By Jessie Eden
In a special presentation on Monday, several Northern Kentucky leaders and organizations came together to discuss recent data from "Interact for Health" on the State of Tobacco Use in Northern Kentucky.
The discussion included special guest speakers; Brent Cooper from the Northern Kentucky Chamber of Commerce, Dr. Lynne Sadler from the Northern Kentucky Department of Health and Tony Cox with the Bracken County Health Department.
The study outlined information from 9 different counties in Northern Kentucky; Campbell, Kenton, Boone, Grant, Pendleton, Carroll, Gallatin, Bracken and Owen.

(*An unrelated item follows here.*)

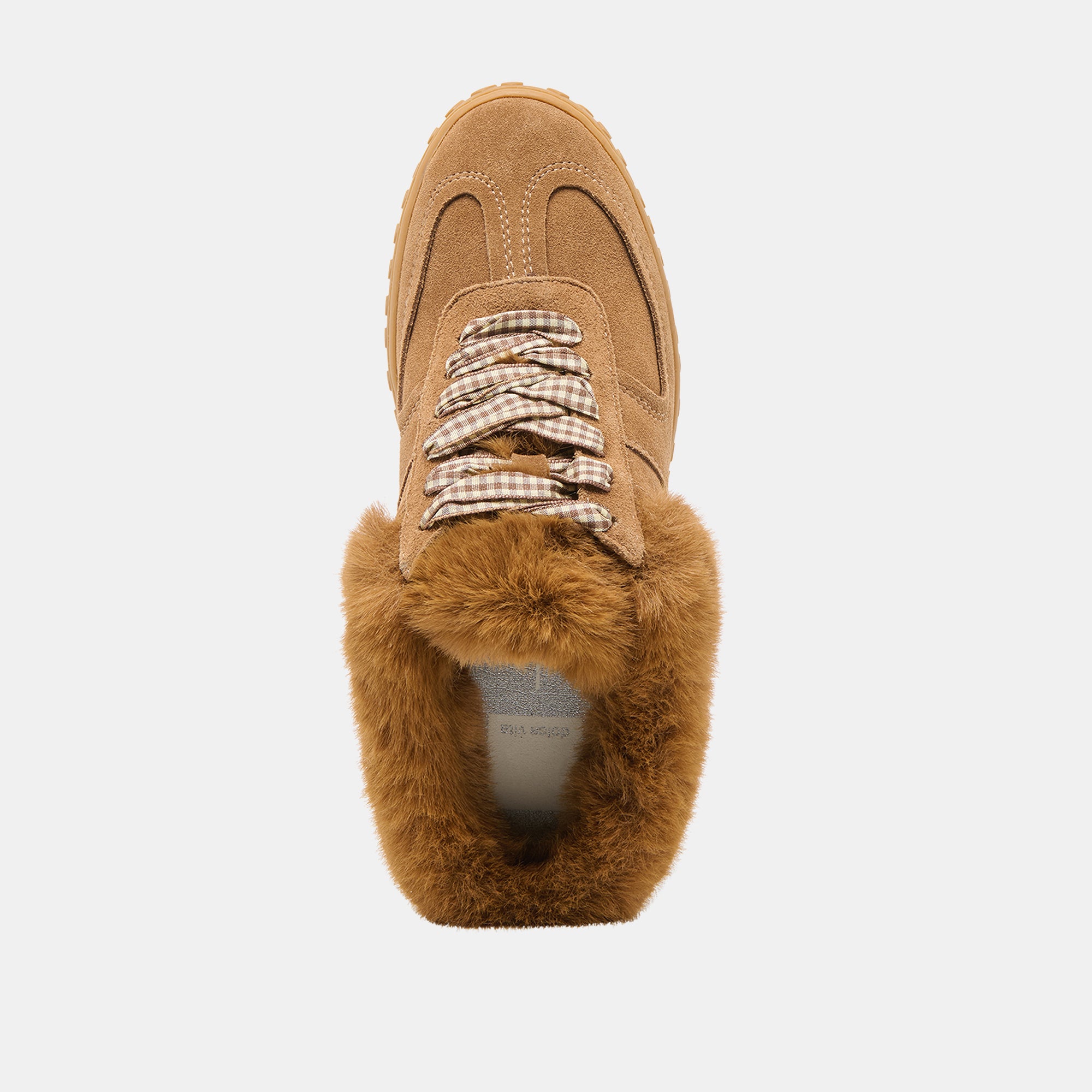 IZZEY PLUSH SNEAKERS LT BROWN SUEDE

Some of the key findings included the following;
- Smoking is the number one preventable cause of death in Kentucky
- 8,900 Kentuckians die from smoking each year
- $1.92 billion in annual health care costs
- There is a significant rate of smokers in lower income families in Kentucky
- In NKY, 4 out of 10 adults use some kind of tobacco product (tobacco, smoking, vaping)
- Throughout Kentucky, 69% of voters support some kind of Smoke Free Law. In suburban counties, 75% support it and in rural areas, 63% support it.
The Business Perspective on Tobacco Use: Good Health is Good Business
In the presentation, Brent Cooper, President and CEO of the NKY Chamber of Commerce and an advocate of a 'smoke-free' Northern Kentucky, stated that his focus in regards to tobacco use in the area is to convey the downside of continued use to business owners.
“The national average for smoking is 14%. In Greater Cincinnati it is 19%. Here in Northern Kentucky it is a whopping 24%! The vast majority of business leaders recognize that smoking increases the cost of doing business through higher health insurance premiums, lower worker productivity, and a negative public perception of our state," said Brent. "When you look at the numbers from a statewide perspective, (Smoking costs KY $1.92 billion in annual health care costs and $2.79 billion in productivity costs), it’s overwhelmingly obvious that we need to adopt policies that will reduce smoking and lead to better health outcomes for our citizens. The bottom line is this: Good health is good business.”
Brent also mentioned how business talent from other states that are relocating to the area are often shocked by NKY's smoking culture and rates. "We bring people from all around the state and around the world to Northern Kentucky and they are often flabbergasted that we don’t have smoking policies in place. Lexington, Louisville, Cincinnati all have smoke-free laws. When we pull people in from around the country, they see the data and they say the policies don’t back it up."
Brent says the data will hopefully resonate with local, city and county officials...as well as local businesses. "This is a great way for officials to look at this data, to prioritize health in the region and look at this as an issue for the region," said Brent. "Businesses need to be better about smoking cessation programs and offering financial incentives to quit smoking. Health insurance costs are business owners' biggest expense. If we can find a way to collectively reduce that cost for the state and the region, that’s good business!"
A Powerful Collaboration
Dr. Saddler with NKY Health agrees with Brent and over the past decade, things have starting to move in the right direction in regards to advocacy for a smoke-free region thanks to Brent's help. "Part of what is different now is that there is a very powerful collaboration going on. Brent has been a huge advocate for years. He understands the importance of health and development in NKY. He has made a phenomenal partner in helping to make Northern Kentucky one of the healthiest regions in America," said Dr. Saddler. "When I go to an elected official to talk about this, they expect it from me...but when the average citizen or business owner talks to them about it, they list in different ways. We have to be able to tap into Northern Kentucky residents and leaders in communities to move forward to make Northern Kentucky healthy.
A Culture Change in Rural Kentucky
Most Smokers in Kentucky Want To Quit -- And There are Programs to Help Them
Megan Folkerth, Senior Program Manager for Interact For Health says that some progress has been made over the years in NKY. "We need to celebrate these successes. Local and state public health agencies and health care providers have made progress in these areas. From community education to CDC tips from the former smokers campaign, there has been a significant increase in callers to the help line. We know community education works and it does drive people to take action," said Megan. "With expanded access to health care and more Medicaid enrollees, Kentucky has the most comprehensive coverage for Medicaid enrollees – it's all about getting them access to what they need."